Items from a dataset
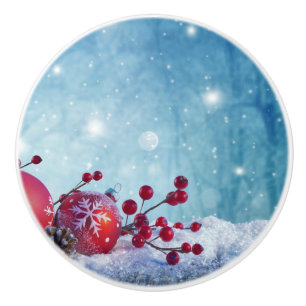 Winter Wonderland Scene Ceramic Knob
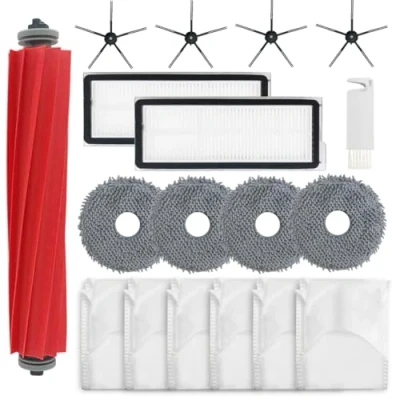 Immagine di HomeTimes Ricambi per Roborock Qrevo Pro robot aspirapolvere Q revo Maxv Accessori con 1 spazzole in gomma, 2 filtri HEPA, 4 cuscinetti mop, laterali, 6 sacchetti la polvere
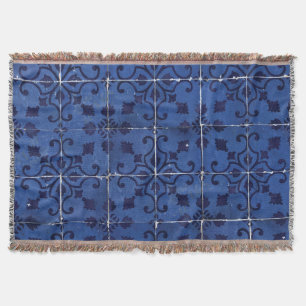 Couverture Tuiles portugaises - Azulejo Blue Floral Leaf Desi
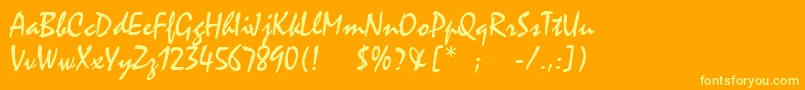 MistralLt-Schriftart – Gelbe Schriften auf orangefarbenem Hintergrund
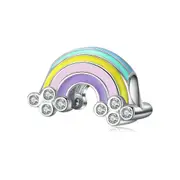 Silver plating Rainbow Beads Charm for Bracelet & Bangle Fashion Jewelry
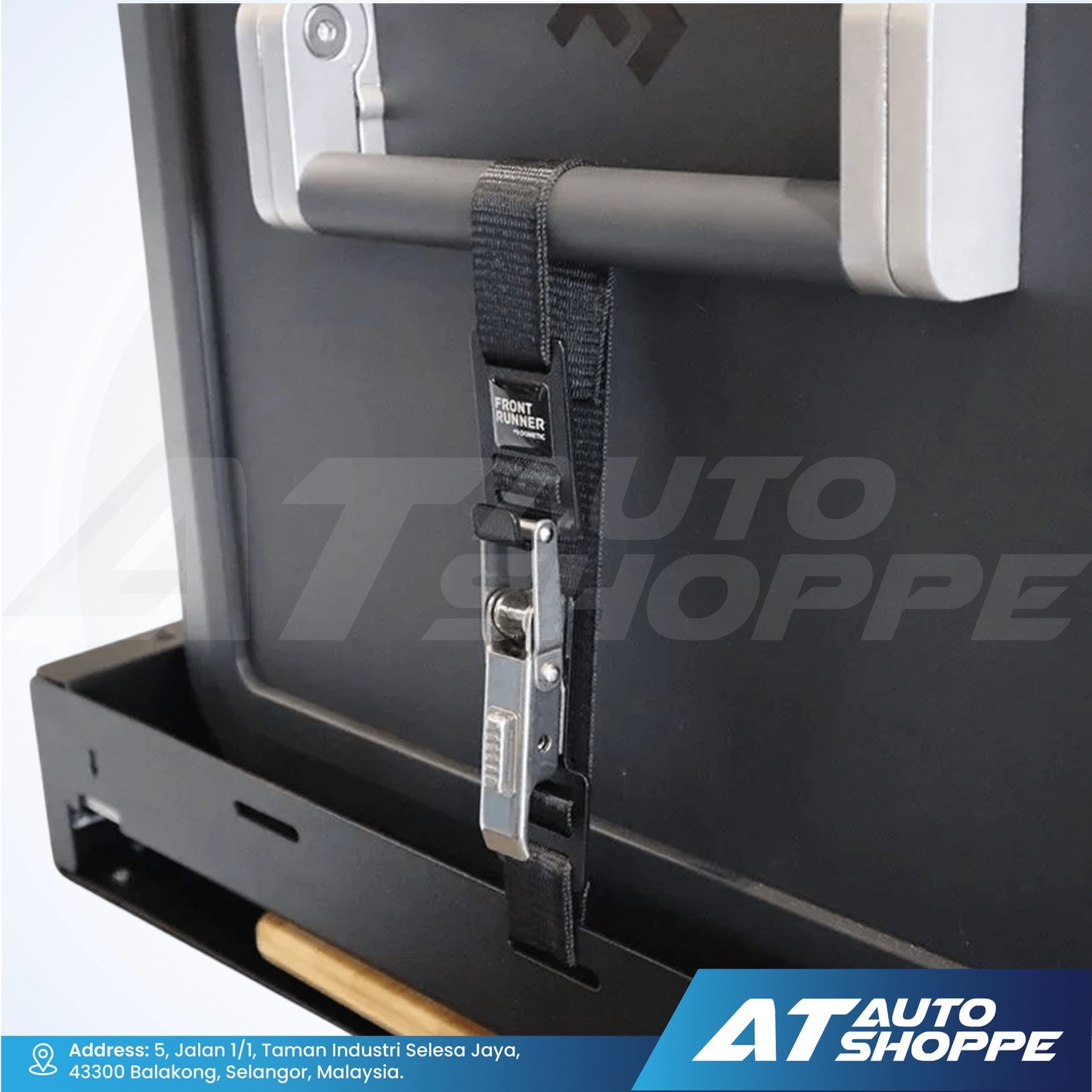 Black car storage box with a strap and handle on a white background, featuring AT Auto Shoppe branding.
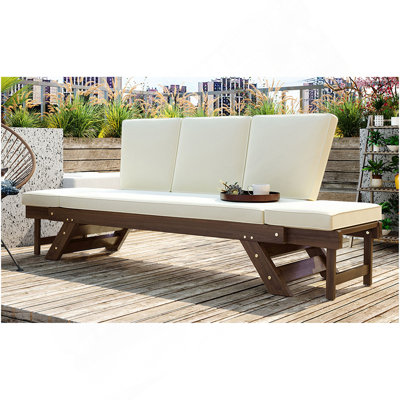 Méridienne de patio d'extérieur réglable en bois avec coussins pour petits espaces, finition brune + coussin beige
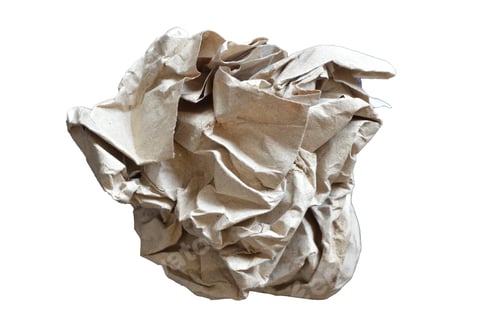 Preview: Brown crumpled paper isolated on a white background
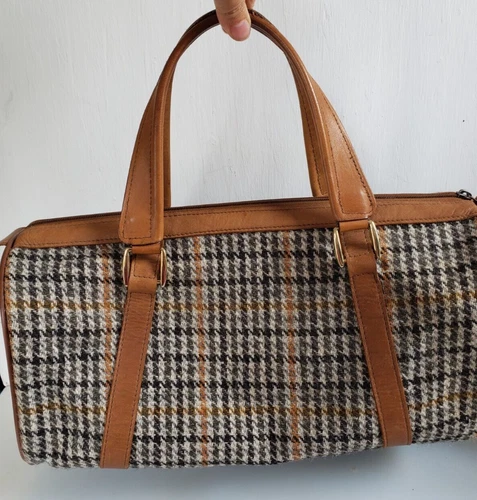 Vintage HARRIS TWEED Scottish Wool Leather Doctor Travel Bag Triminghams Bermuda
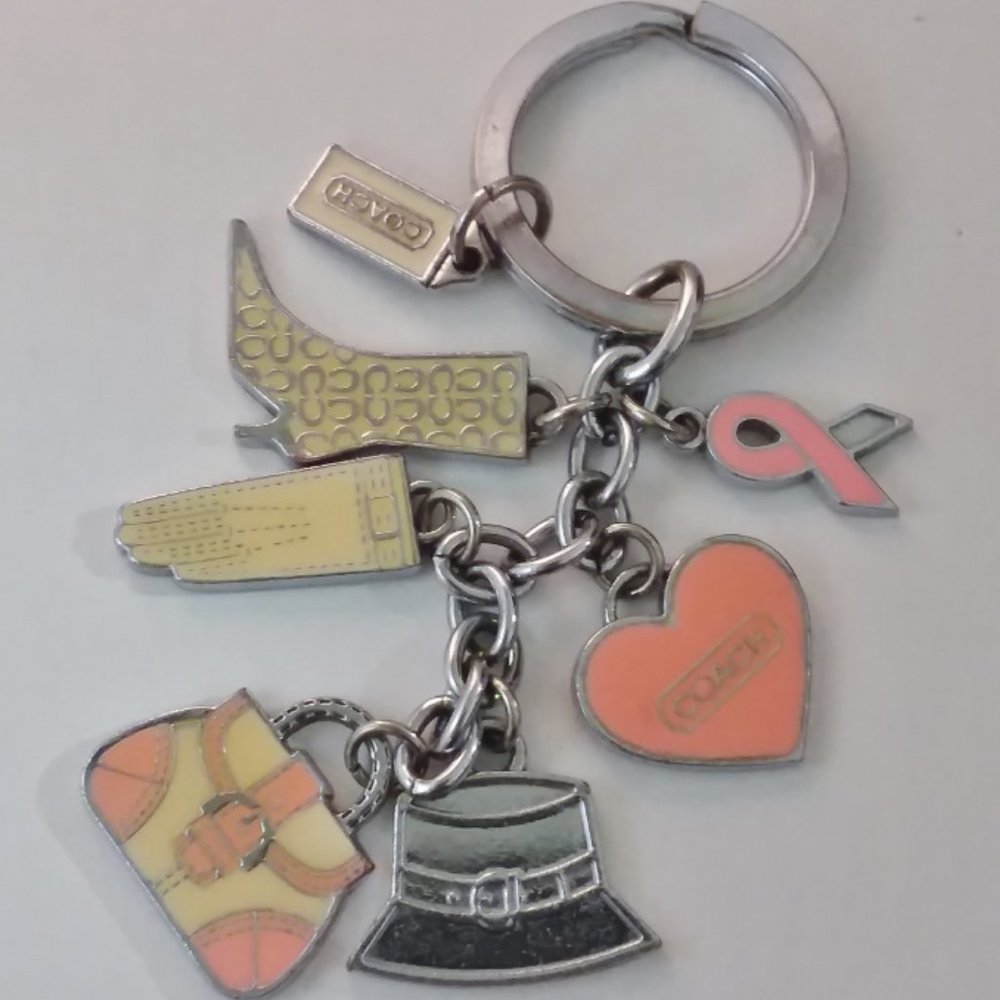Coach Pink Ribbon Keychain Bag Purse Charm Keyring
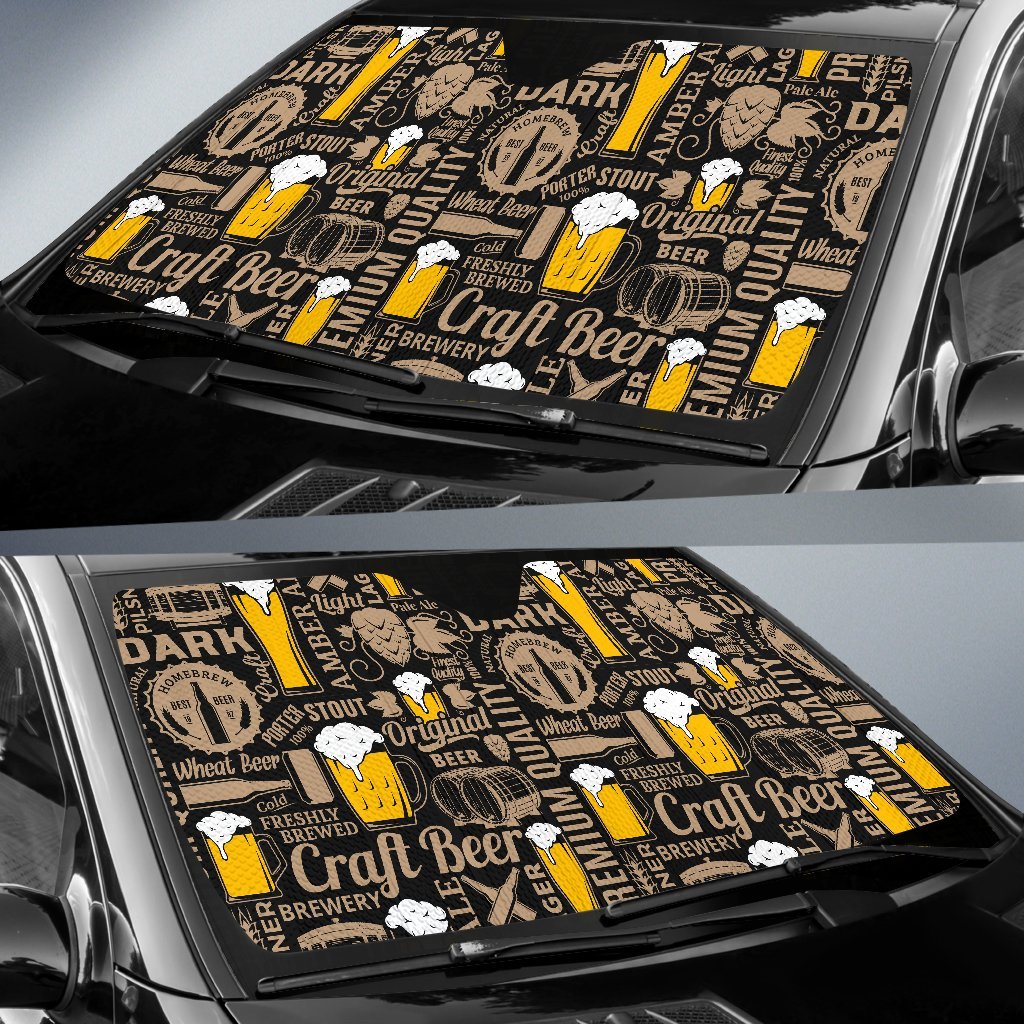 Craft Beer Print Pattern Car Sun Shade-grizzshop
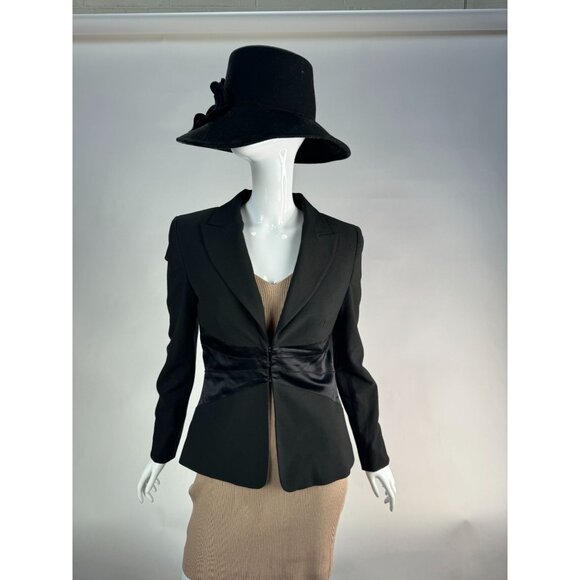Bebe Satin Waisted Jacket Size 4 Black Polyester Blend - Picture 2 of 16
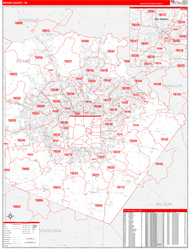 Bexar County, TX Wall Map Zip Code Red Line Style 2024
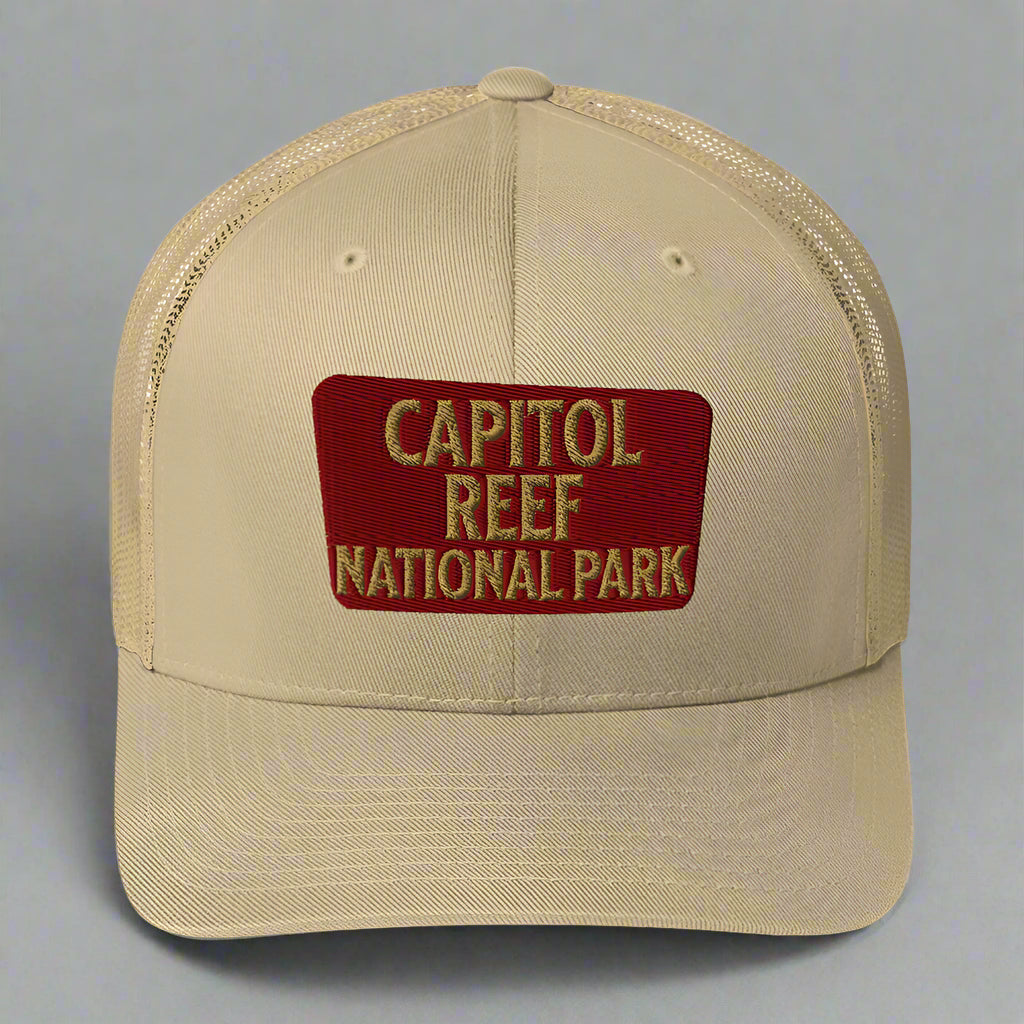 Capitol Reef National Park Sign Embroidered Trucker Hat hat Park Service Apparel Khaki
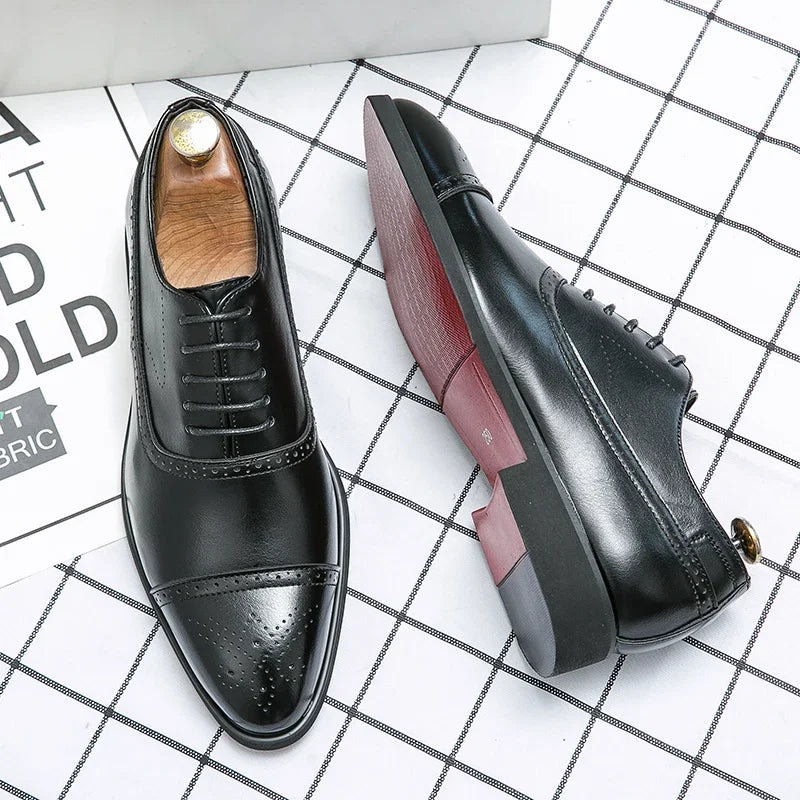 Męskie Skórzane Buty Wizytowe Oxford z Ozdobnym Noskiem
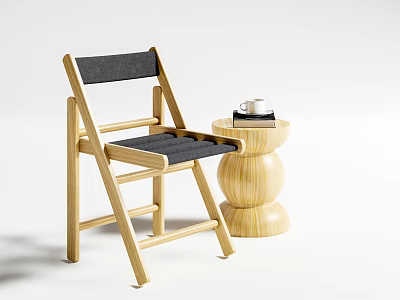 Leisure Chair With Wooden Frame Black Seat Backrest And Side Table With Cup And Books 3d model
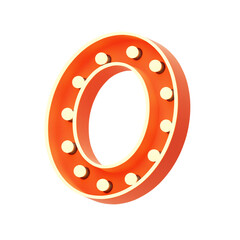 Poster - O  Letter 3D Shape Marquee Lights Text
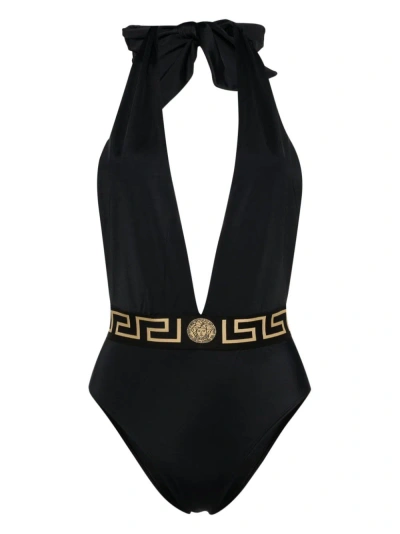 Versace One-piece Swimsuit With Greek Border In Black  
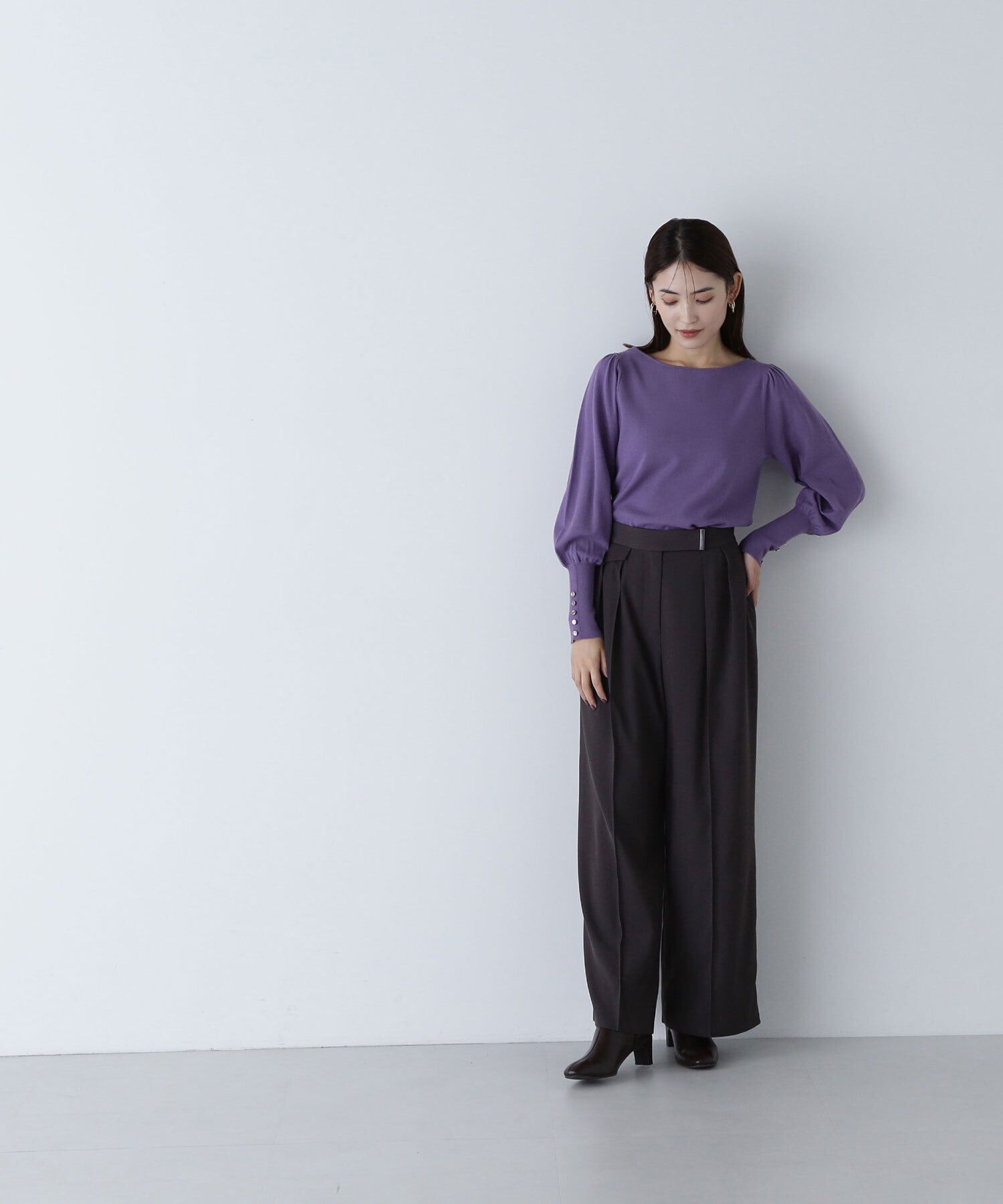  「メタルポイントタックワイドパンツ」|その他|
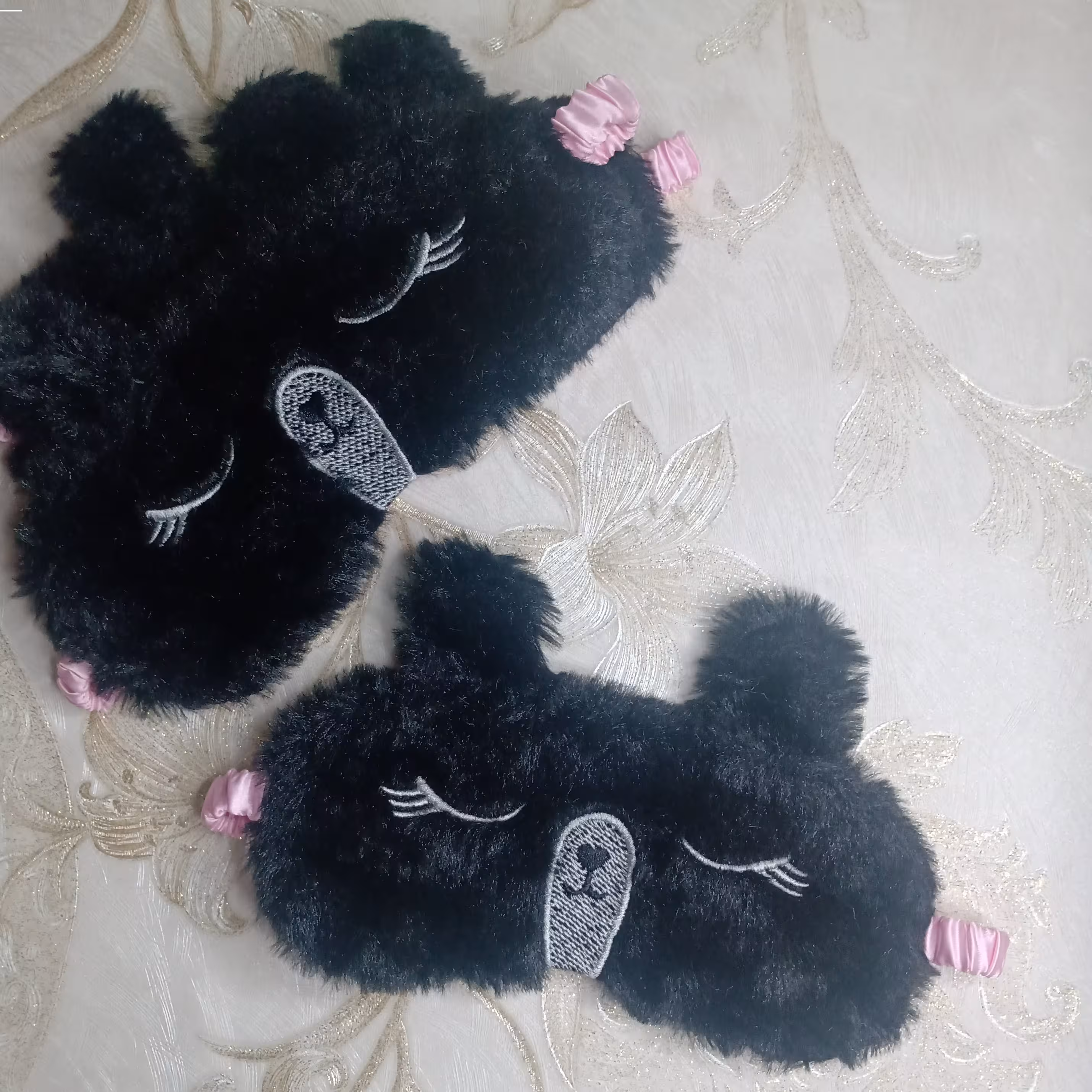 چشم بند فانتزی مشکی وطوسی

Work request
Leaving the pictures aside, copy exactly and only the lines from the one holding "Bexar County, TX" through the final line of the data, both ends kept.

Answer
 Bexar County, TX Wall Map Zip Code Red Line Style 2024
 Capitol Reef National Park Sign Embroidered Trucker Hat hat Park Service Apparel Khaki
 Męskie Skórzane Buty Wizytowe Oxford z Ozdobnym Noskiem
 Leisure Chair With Wooden Frame Black Seat Backrest And Side Table With Cup And Books 3d model
 Poster - O  Letter 3D Shape Marquee Lights Text
 Versace One-piece Swimsuit With Greek Border In Black  
  「メタルポイントタックワイドパンツ」|その他|
 چشم بند فانتزی مشکی وطوسی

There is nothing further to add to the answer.